TASK ITEM: Set down the entries that follow exactly as written, leaving out any images.

DATASET EXTRACT:
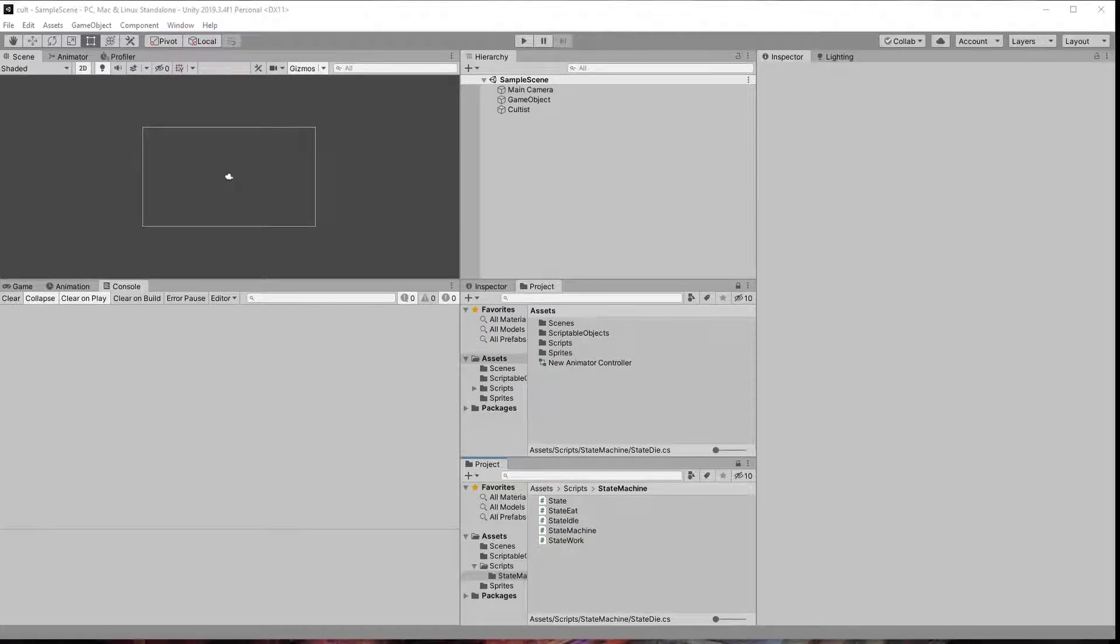In this video we are going to add some transitions to our state machine that can easily be triggered from any other state, recreating the any state transition from the Unity animator.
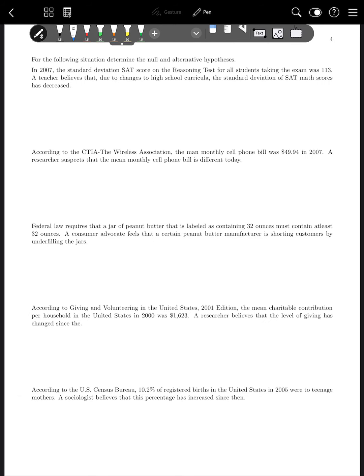Let's try writing some hypotheses. In 2007, the standard deviation of SAT scores on the reasoning test was 113. A teacher believes that due to changes to the high school curricula, the standard deviation of SAT math scores has decreased. The null hypothesis is always the parameter equals the starting value, so H₀: σ = 113. For H₁, since we think it decreased, we write σ < 113. That's how all of these work — you identify the parameter (μ, σ, or P) and whether it increased, decreased, or changed.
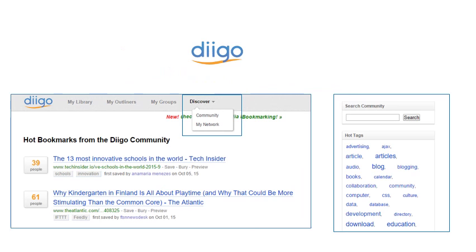An interesting feature of Diigo that I touched on earlier is the Hot Bookmarks section of the site. This section may be found by selecting Discover from the menu bar and Community from the drop-down menu. In this particular screenshot, we see that 39 people bookmarked the Tech Insider post concerning the most innovative schools in the world, and 61 people bookmarked the Atlantic piece about playtime in Finland. When I want to see what is trending or find better resources than those I've found through typical Google searches, I visit this page. The right side column has a search community feature which allows me to search for specific content in the saved or curated bookmarks of other users. I can also see the tags that others have given websites when they bookmark them.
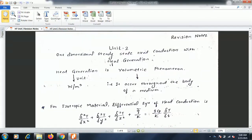In this video we are going to see the revision notes of unit number two. Let us first discuss one-dimensional steady-state heat conduction with internal heat generation. There are many examples in nature which have the phenomena of internal heat generation. For example, a wire carrying a current — when current flows through the wire, heat generation takes place at the center of the wire.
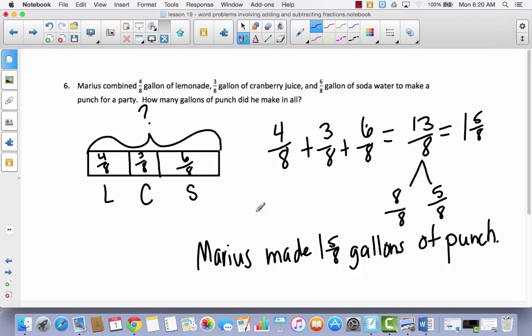That was 6 problems. Notice that in every single one we used the RDW process. When you bring your exit slip to me, if you have not used the RDW process, I will ask you to go back and do it. Make sure you read the problem, draw a model, write a number sentence, and write a statement. If you leave any of those parts out, I will ask you to go back and complete it.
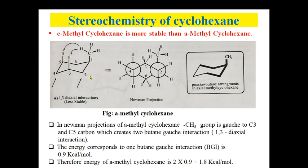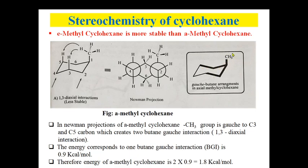In this structure, there is also a butane gauche interaction. Starting from the methyl carbon as carbon 1, then carbon 2, carbon 3, and carbon 4 — since carbon 4 is to the upper side, it has an interaction with the methyl group. Similarly, another carbon has the same type of interaction with this axial methyl group. This is known as a butane gauche interaction. One axial methyl group creates two butane gauche interactions.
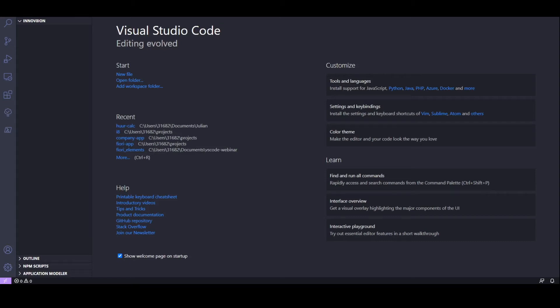Hey, how are you guys doing? It's Tyler here from Innovation, and today we'd like to show you guys what it's like to develop Fiori apps in VS Code.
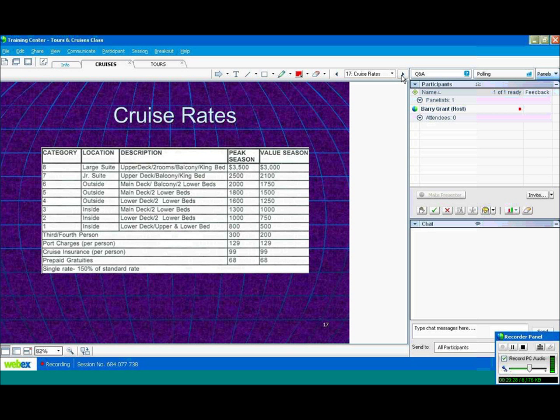And finally, the single rate. Usually if you're a single person, you do pay 150%, sometimes 200% of the standard rate. One person occupying a cabin does pay more than two people occupying or three or four people occupying.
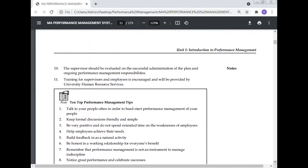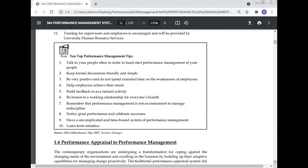Top 10 performance management tips: Talk to your people often; keep formal discussions friendly and simple. Be very positive and don't spend extended time on weaknesses. Help employees achieve their needs. Build feedback in as a natural activity. Be honest in working relationships. Remember that performance management is not an instrument to manage indiscipline. Notice great performance and celebrate success. Have an uncomplicated and time-bound system. Learn from mistakes.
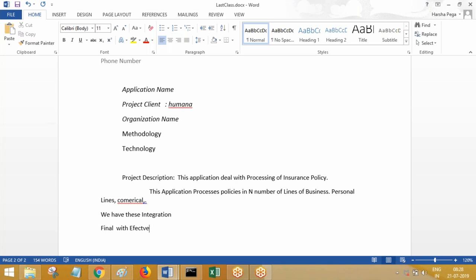You are not required to talk about the organization or client description. The same approach applies to all other projects you mention — use the same practice for every other project.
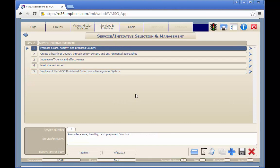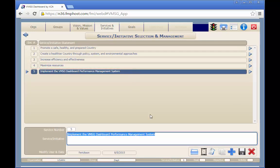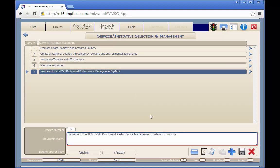To edit an existing record, click on the desired record, then make the edits to the selected record fields, and finally click on the Save button.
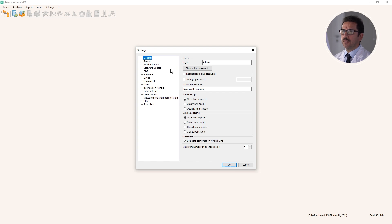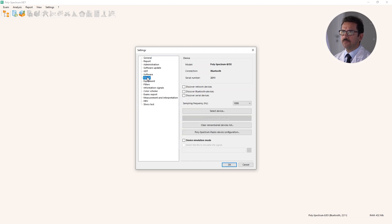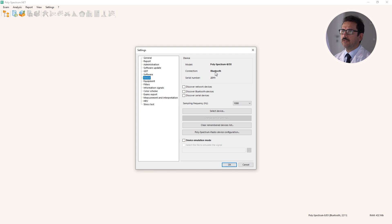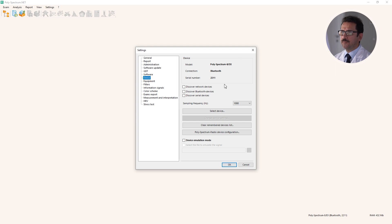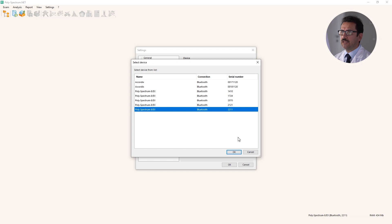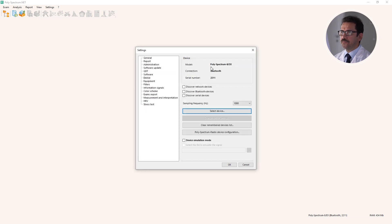First of all, this device - we have a Polyspectrum EX device connected via Bluetooth. If you want to change the device or change the parameters of the device, we go to this window. For example, we can use the device selection option, and also we can change the sampling frequency for the device.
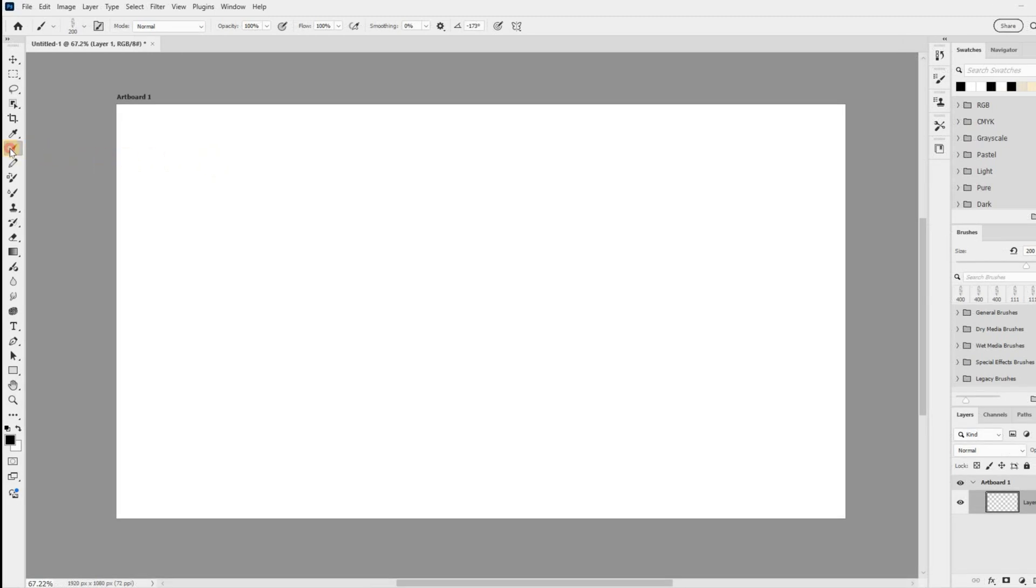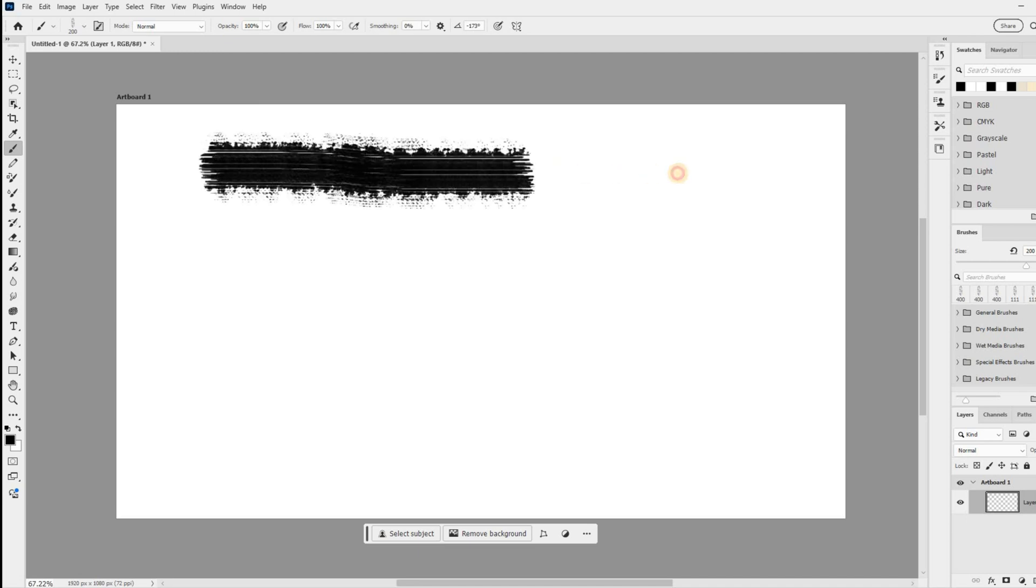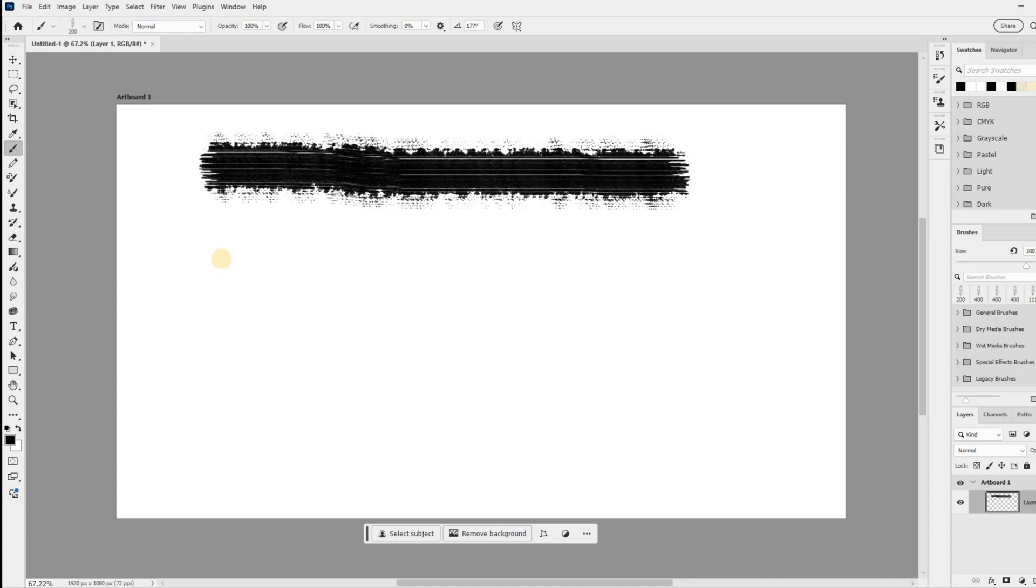Here's how it works. Just use the left and right arrow keys on your keyboard. Each press will rotate your brush by one degree. This is perfect for making those fine adjustments to get the angle just right.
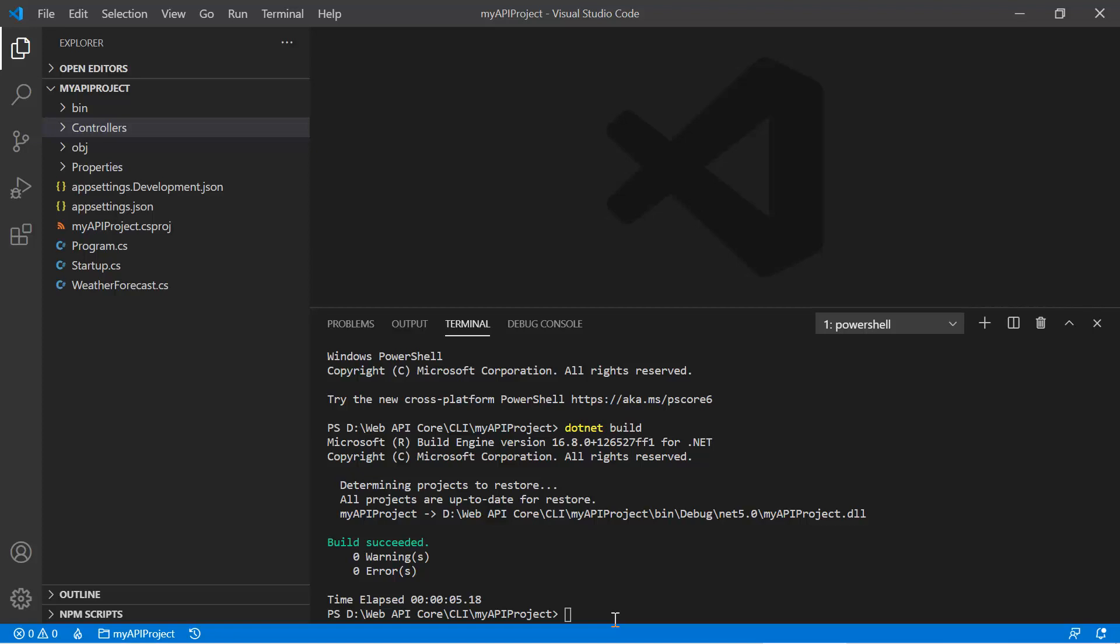Now let's learn how to run this default web API project. To run this web API project, we need to use one more command provided by dotnet. So let's type dotnet space then run and press the enter button.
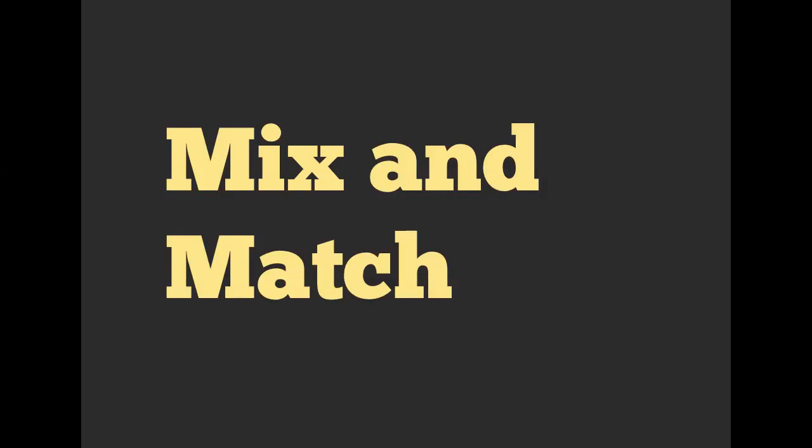Welcome back, everyone. My name is Richard Schneem, and we're going to talk about how we can mix and match different active record queries.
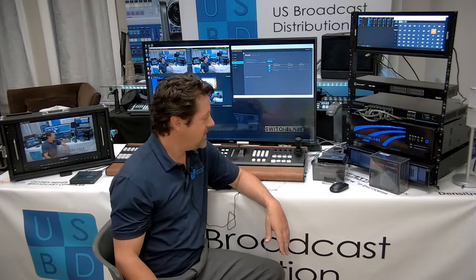Hi, I'm Eric Pratt from US Broadcast, and today we're going to be talking about Science Image's line of full NDI, HD, and 4K encoders.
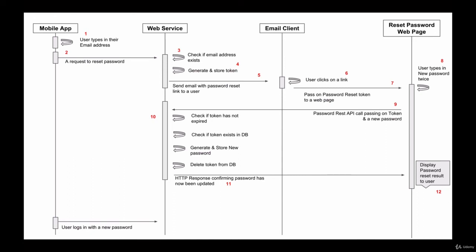our web service will then first check if the password reset token has been indeed generated by our API and that it has not expired and that it is still valid. We will then also check if this password reset token is still found in our database and it has not been already used.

EXERCISE RESULT:
In this video we are going to add some transitions to our state machine that can easily be triggered from any other state, recreating the any state transition from the Unity animator.
Let's try writing some hypotheses. In 2007, the standard deviation of SAT scores on the reasoning test was 113. A teacher believes that due to changes to the high school curricula, the standard deviation of SAT math scores has decreased. The null hypothesis is always the parameter equals the starting value, so H₀: σ = 113. For H₁, since we think it decreased, we write σ < 113. That's how all of these work — you identify the parameter (μ, σ, or P) and whether it increased, decreased, or changed.
An interesting feature of Diigo that I touched on earlier is the Hot Bookmarks section of the site. This section may be found by selecting Discover from the menu bar and Community from the drop-down menu. In this particular screenshot, we see that 39 people bookmarked the Tech Insider post concerning the most innovative schools in the world, and 61 people bookmarked the Atlantic piece about playtime in Finland. When I want to see what is trending or find better resources than those I've found through typical Google searches, I visit this page. The right side column has a search community feature which allows me to search for specific content in the saved or curated bookmarks of other users. I can also see the tags that others have given websites when they bookmark them.
In this video we are going to see the revision notes of unit number two. Let us first discuss one-dimensional steady-state heat conduction with internal heat generation. There are many examples in nature which have the phenomena of internal heat generation. For example, a wire carrying a current — when current flows through the wire, heat generation takes place at the center of the wire.
That was 6 problems. Notice that in every single one we used the RDW process. When you bring your exit slip to me, if you have not used the RDW process, I will ask you to go back and do it. Make sure you read the problem, draw a model, write a number sentence, and write a statement. If you leave any of those parts out, I will ask you to go back and complete it.
In this structure, there is also a butane gauche interaction. Starting from the methyl carbon as carbon 1, then carbon 2, carbon 3, and carbon 4 — since carbon 4 is to the upper side, it has an interaction with the methyl group. Similarly, another carbon has the same type of interaction with this axial methyl group. This is known as a butane gauche interaction. One axial methyl group creates two butane gauche interactions.
Hey, how are you guys doing? It's Tyler here from Innovation, and today we'd like to show you guys what it's like to develop Fiori apps in VS Code.
And finally, the single rate. Usually if you're a single person, you do pay 150%, sometimes 200% of the standard rate. One person occupying a cabin does pay more than two people occupying or three or four people occupying.
Top 10 performance management tips: Talk to your people often; keep formal discussions friendly and simple. Be very positive and don't spend extended time on weaknesses. Help employees achieve their needs. Build feedback in as a natural activity. Be honest in working relationships. Remember that performance management is not an instrument to manage indiscipline. Notice great performance and celebrate success. Have an uncomplicated and time-bound system. Learn from mistakes.
You are not required to talk about the organization or client description. The same approach applies to all other projects you mention — use the same practice for every other project.
To edit an existing record, click on the desired record, then make the edits to the selected record fields, and finally click on the Save button.
First of all, this device - we have a Polyspectrum EX device connected via Bluetooth. If you want to change the device or change the parameters of the device, we go to this window. For example, we can use the device selection option, and also we can change the sampling frequency for the device.
Here's how it works. Just use the left and right arrow keys on your keyboard. Each press will rotate your brush by one degree. This is perfect for making those fine adjustments to get the angle just right.
Now let's learn how to run this default web API project. To run this web API project, we need to use one more command provided by dotnet. So let's type dotnet space then run and press the enter button.
Welcome back, everyone. My name is Richard Schneem, and we're going to talk about how we can mix and match different active record queries.
Hi, I'm Eric Pratt from US Broadcast, and today we're going to be talking about Science Image's line of full NDI, HD, and 4K encoders.
our web service will then first check if the password reset token has been indeed generated by our API and that it has not expired and that it is still valid. We will then also check if this password reset token is still found in our database and it has not been already used.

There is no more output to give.